Work task :: Any picture in the listing is left out of the copy; all else is duplicated exactly.

Data listing ::
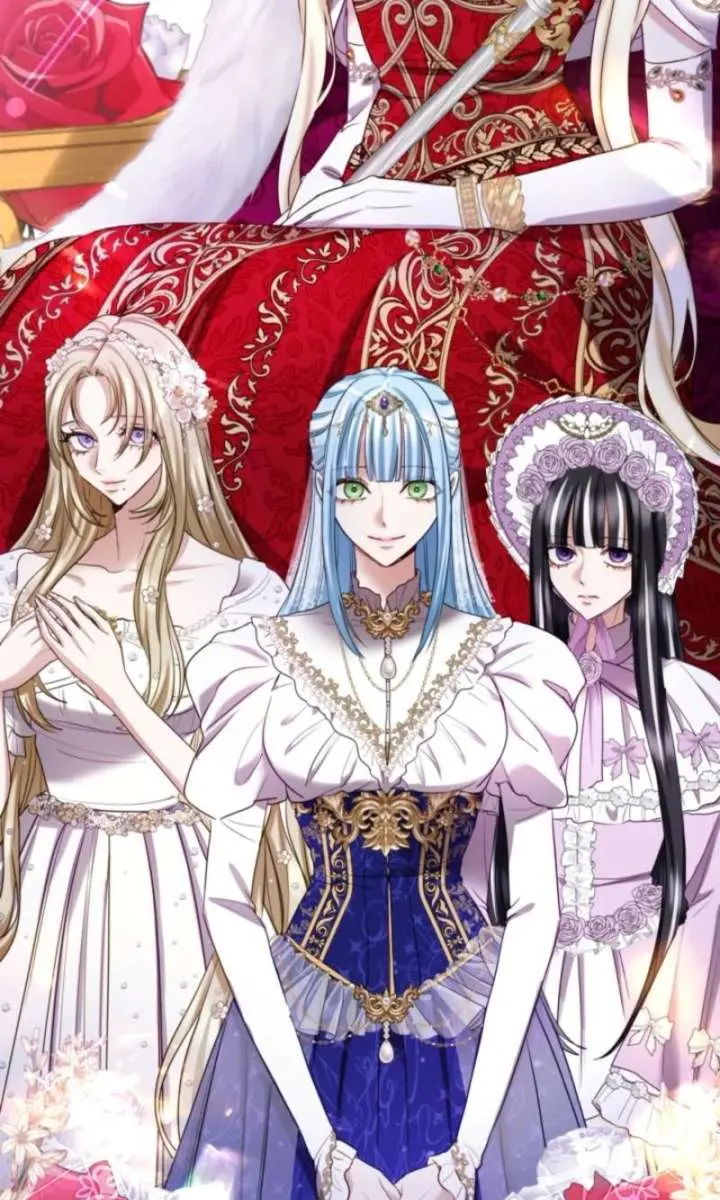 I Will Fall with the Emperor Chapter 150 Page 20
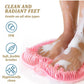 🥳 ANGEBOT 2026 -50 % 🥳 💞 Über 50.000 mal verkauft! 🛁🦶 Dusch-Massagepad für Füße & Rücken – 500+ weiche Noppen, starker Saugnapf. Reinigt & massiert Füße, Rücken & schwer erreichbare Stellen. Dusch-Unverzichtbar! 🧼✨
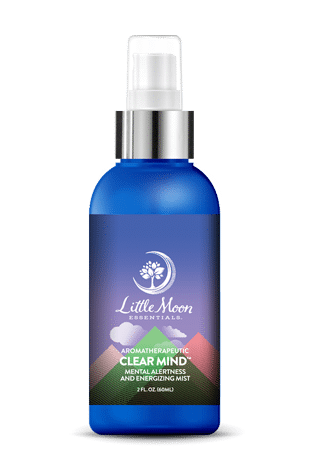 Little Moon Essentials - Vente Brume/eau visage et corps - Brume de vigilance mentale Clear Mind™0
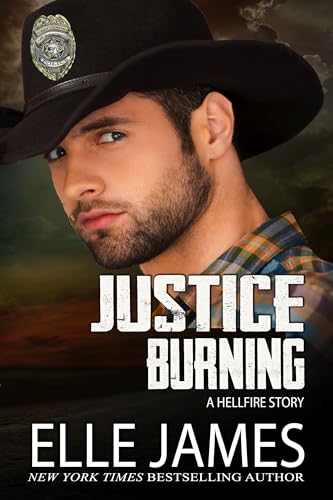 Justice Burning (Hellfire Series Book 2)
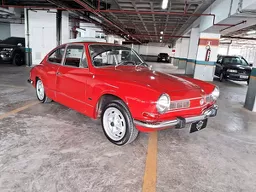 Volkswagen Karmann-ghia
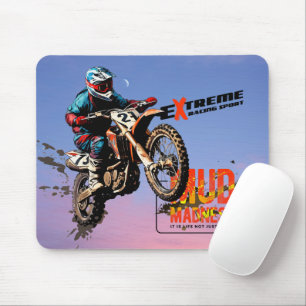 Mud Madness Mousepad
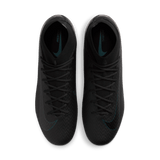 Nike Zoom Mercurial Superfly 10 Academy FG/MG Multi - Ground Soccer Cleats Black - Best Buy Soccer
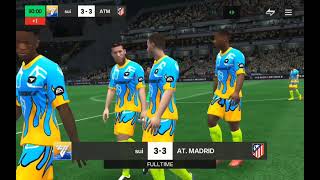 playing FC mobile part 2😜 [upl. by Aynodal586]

Answer space ::
 I Will Fall with the Emperor Chapter 150 Page 20
 🥳 ANGEBOT 2026 -50 % 🥳 💞 Über 50.000 mal verkauft! 🛁🦶 Dusch-Massagepad für Füße & Rücken – 500+ weiche Noppen, starker Saugnapf. Reinigt & massiert Füße, Rücken & schwer erreichbare Stellen. Dusch-Unverzichtbar! 🧼✨
 Little Moon Essentials - Vente Brume/eau visage et corps - Brume de vigilance mentale Clear Mind™0
 Justice Burning (Hellfire Series Book 2)
 Volkswagen Karmann-ghia
 Mud Madness Mousepad
 Nike Zoom Mercurial Superfly 10 Academy FG/MG Multi - Ground Soccer Cleats Black - Best Buy Soccer
 playing FC mobile part 2😜 [upl. by Aynodal586]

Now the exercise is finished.